Animal Nutrition Focus of Research Seminar

The Fats and Proteins Research Foundation (FPRF), the research arm of the rendering industry, held its Emerging Issues Seminar in conjunction with the National Renderers Association spring meeting in Cincinnati, OH. The only topic of discussion: animal nutrition.

Dr. Jeff Firman, University of Missouri, emphasized that quality and price are the two most important issues to feed formulators. He said nutritionists need to be trained in computer formulations for proper feed ingredient use, and that increasing the number of ingredients increases the number of possible solutions thus reducing cost. Firman noted that animal fats are generally well thought of among nutritionists in the United States and internationally, with overseas markets increasing their usage of fat. He encouraged renderers to emphasize replacement of fish meal in international markets.

Dr. Eric van Heugten, North Carolina State University, presented the pork industry’s perspective on the use of rendered products in swine diets. Swine producers said cost is the number one driver why a commodity is used in diets, followed by the consistency of the ingredient supply. Many swine producers are using poultry meal in swine diets but worry about contamination, specifically Salmonella, once the meal leaves the plant. Heugten said animal proteins are a good source of phosphorous but have competition from distillers dried grains with solubles (DDGS) and phytase. He urged the industry to ensure rendered products are included in nutrition guides such as the newly released National Swine Nutrition Guide, available at, or the National Research Council’s (NRC’s) Nutrient Requirements of Swine, which is currently going through an update.
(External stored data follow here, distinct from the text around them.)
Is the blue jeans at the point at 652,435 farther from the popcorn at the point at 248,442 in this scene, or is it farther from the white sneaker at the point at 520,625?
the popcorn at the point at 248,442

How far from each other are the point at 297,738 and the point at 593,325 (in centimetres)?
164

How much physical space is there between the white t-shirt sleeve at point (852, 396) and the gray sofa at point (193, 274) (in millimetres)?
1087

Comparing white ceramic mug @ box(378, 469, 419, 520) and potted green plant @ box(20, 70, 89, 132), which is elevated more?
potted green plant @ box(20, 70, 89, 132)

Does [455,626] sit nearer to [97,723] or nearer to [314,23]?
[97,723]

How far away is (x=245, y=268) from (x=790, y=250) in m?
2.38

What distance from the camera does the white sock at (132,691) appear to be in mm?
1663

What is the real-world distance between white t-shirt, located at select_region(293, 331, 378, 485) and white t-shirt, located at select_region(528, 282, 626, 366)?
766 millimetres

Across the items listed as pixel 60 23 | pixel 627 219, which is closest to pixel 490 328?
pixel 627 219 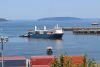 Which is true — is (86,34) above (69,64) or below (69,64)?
below

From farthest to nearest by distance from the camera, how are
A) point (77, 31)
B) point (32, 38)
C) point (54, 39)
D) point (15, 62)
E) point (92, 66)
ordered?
point (77, 31)
point (32, 38)
point (54, 39)
point (15, 62)
point (92, 66)

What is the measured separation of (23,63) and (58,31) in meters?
85.5

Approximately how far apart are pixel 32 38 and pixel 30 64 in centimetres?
9008

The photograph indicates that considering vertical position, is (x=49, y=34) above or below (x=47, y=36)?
above

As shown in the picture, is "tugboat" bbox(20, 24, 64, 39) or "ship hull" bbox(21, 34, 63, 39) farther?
"tugboat" bbox(20, 24, 64, 39)

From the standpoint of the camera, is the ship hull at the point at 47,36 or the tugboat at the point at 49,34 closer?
the ship hull at the point at 47,36

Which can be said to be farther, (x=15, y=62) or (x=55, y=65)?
(x=15, y=62)

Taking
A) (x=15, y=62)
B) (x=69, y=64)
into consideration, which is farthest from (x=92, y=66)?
(x=15, y=62)

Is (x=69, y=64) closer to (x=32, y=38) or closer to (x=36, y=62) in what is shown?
(x=36, y=62)

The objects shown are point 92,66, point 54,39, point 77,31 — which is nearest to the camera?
point 92,66

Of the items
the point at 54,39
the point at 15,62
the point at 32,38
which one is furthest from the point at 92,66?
the point at 32,38

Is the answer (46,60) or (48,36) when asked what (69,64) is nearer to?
(46,60)

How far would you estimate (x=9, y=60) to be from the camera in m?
36.0

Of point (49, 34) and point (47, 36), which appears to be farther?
point (49, 34) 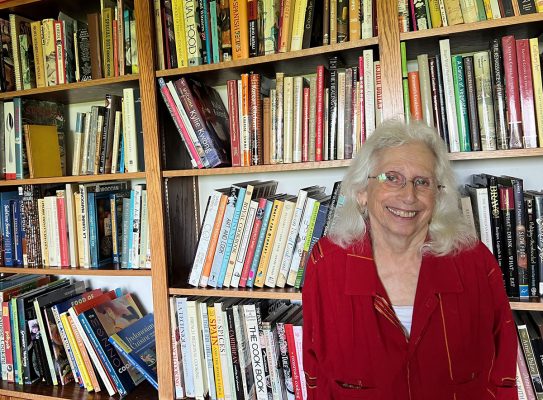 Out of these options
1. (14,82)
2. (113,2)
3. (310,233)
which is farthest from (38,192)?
(310,233)

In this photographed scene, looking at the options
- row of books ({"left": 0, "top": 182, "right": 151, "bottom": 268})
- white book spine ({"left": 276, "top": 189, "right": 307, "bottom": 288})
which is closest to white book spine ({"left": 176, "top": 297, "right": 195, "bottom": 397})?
row of books ({"left": 0, "top": 182, "right": 151, "bottom": 268})

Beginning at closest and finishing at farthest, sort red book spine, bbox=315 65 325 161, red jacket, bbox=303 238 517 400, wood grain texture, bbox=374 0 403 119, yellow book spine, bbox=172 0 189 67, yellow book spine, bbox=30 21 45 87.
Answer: red jacket, bbox=303 238 517 400, wood grain texture, bbox=374 0 403 119, red book spine, bbox=315 65 325 161, yellow book spine, bbox=172 0 189 67, yellow book spine, bbox=30 21 45 87

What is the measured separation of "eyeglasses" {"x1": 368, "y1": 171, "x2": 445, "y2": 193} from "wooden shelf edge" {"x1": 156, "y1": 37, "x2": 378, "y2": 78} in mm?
370

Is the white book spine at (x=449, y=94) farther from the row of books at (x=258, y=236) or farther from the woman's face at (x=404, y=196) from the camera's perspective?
the row of books at (x=258, y=236)

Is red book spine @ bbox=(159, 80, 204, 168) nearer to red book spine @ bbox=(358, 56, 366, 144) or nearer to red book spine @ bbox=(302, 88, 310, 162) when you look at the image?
red book spine @ bbox=(302, 88, 310, 162)

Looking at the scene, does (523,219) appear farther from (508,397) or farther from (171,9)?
(171,9)

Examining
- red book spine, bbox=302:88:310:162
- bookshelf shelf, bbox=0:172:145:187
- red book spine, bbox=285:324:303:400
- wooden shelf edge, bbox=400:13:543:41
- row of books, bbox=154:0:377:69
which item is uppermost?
row of books, bbox=154:0:377:69

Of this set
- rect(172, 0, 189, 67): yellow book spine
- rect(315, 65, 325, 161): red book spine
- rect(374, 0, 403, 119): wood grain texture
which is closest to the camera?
rect(374, 0, 403, 119): wood grain texture

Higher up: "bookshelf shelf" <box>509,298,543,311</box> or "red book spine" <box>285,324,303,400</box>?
"bookshelf shelf" <box>509,298,543,311</box>

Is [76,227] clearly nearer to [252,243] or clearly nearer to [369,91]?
[252,243]

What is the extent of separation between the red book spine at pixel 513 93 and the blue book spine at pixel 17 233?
170cm

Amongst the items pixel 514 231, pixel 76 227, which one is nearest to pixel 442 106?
pixel 514 231

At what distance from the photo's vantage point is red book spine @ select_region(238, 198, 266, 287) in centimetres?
133

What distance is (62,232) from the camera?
5.31 feet
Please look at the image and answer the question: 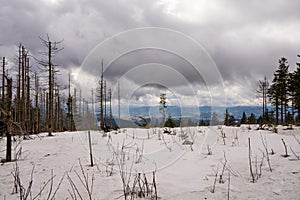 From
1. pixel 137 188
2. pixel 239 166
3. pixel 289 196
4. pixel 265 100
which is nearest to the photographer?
pixel 289 196

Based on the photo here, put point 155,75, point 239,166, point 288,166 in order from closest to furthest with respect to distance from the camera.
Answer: point 288,166 → point 239,166 → point 155,75

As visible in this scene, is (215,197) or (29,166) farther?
(29,166)

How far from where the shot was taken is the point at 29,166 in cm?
384

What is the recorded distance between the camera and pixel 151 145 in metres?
5.60

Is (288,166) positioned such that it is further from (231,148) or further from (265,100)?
(265,100)

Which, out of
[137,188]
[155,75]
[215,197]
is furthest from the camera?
[155,75]

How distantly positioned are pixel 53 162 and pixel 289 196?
13.4 feet

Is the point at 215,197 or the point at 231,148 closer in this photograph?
the point at 215,197

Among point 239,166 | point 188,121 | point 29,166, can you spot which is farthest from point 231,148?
point 188,121

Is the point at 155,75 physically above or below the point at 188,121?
above

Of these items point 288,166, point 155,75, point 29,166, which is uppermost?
point 155,75

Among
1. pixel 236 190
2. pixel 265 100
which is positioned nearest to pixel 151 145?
pixel 236 190

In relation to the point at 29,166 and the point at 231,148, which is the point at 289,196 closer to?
the point at 231,148

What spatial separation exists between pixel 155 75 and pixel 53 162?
3330 mm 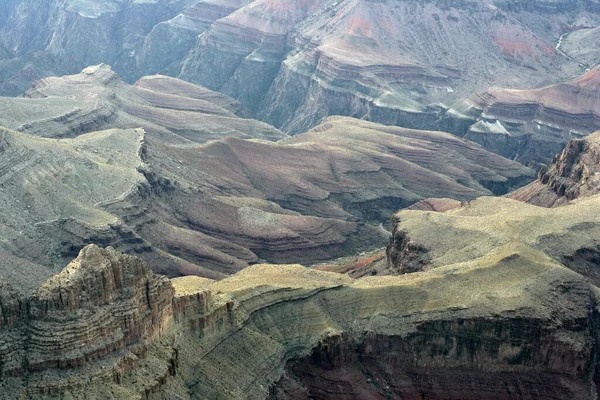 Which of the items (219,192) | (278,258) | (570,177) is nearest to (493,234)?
(278,258)

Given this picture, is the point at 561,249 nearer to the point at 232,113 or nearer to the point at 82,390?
the point at 82,390

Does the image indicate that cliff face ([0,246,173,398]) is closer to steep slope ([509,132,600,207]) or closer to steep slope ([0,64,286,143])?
steep slope ([509,132,600,207])

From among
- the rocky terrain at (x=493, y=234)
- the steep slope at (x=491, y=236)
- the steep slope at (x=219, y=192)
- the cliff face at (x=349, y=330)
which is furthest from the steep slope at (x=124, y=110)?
the cliff face at (x=349, y=330)

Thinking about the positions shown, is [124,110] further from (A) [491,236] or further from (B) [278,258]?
(A) [491,236]

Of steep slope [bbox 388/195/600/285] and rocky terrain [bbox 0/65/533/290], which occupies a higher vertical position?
steep slope [bbox 388/195/600/285]

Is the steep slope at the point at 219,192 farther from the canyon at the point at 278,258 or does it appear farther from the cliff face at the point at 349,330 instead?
the cliff face at the point at 349,330

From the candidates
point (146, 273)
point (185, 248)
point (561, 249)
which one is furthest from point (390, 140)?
point (146, 273)

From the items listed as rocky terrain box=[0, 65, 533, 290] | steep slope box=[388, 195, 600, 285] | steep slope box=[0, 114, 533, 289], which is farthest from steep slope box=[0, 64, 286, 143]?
steep slope box=[388, 195, 600, 285]

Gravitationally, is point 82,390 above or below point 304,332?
above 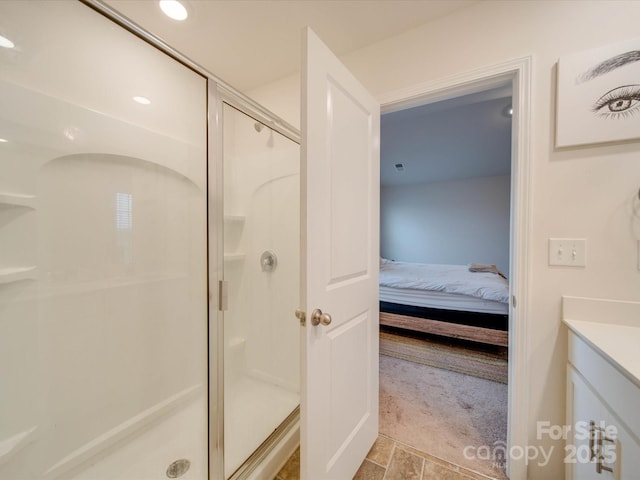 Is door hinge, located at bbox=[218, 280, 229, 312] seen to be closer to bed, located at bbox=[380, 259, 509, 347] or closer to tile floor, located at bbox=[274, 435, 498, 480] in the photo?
tile floor, located at bbox=[274, 435, 498, 480]

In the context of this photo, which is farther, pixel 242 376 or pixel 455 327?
pixel 455 327

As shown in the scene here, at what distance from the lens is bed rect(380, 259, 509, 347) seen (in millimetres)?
2553

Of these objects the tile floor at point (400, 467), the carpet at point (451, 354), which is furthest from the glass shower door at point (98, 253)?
the carpet at point (451, 354)

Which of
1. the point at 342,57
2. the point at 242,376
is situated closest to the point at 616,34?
the point at 342,57

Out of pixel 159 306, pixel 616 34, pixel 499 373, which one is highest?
pixel 616 34

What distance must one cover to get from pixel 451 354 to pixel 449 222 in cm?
Answer: 362

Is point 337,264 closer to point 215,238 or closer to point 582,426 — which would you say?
point 215,238

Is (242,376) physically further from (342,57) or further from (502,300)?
(502,300)

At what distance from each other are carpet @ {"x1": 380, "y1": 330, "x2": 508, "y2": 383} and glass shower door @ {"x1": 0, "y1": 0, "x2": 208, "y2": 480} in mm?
2039

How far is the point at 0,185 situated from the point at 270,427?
174 centimetres

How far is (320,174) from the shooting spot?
95cm

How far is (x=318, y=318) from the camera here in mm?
922

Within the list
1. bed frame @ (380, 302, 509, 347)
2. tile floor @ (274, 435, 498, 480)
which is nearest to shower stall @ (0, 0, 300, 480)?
tile floor @ (274, 435, 498, 480)

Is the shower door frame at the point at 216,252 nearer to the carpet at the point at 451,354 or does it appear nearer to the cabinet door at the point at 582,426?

Dr. Layi Adeola, Purdue University, focused on using meat and bone meal in swine and poultry diets, reiterating that pricing drives the use of a commodity. He commented that the U.S. Pork Center of Excellence used metabolizable energy information from studies funded by FPRF for the National Swine Nutrition Guide and he believes those same studies will be used by the NRC for its updated swine nutrient requirements. Adeola advised foundation members to revisit the value of meat and bone meal in broiler chicken diets since the current information is outdated.

Dr. Brian Kerr, U.S. Department of Agriculture, Agricultural Research Service, restated meat and bone meal’s competitiveness with DDGS and phytase, and told renderers to examine how good their lab is as results can vary.

Dr. Hans Stein, University of Illinois, wrapped up the nutrition seminar with ways to increase the use of animal proteins and fats in swine diets. He highlighted the data needed for feed formulators, which includes a clear definition of the ingredient, the concentration and digestibility of the nutrients and energy, and the limitations to inclusion rats for performance.

Stein said an excellent way of making this data available is through publications such as the NRC’s swine nutrient requirement guide. To be included in NRC’s updated guide, data must be available by February 1, 2011, with the new guide being published by the end of 2011.

Stein encouraged the foundation and rendering industry to create a “buzz” about using rendered proteins in animal diets by issuing press releases when new research data is available.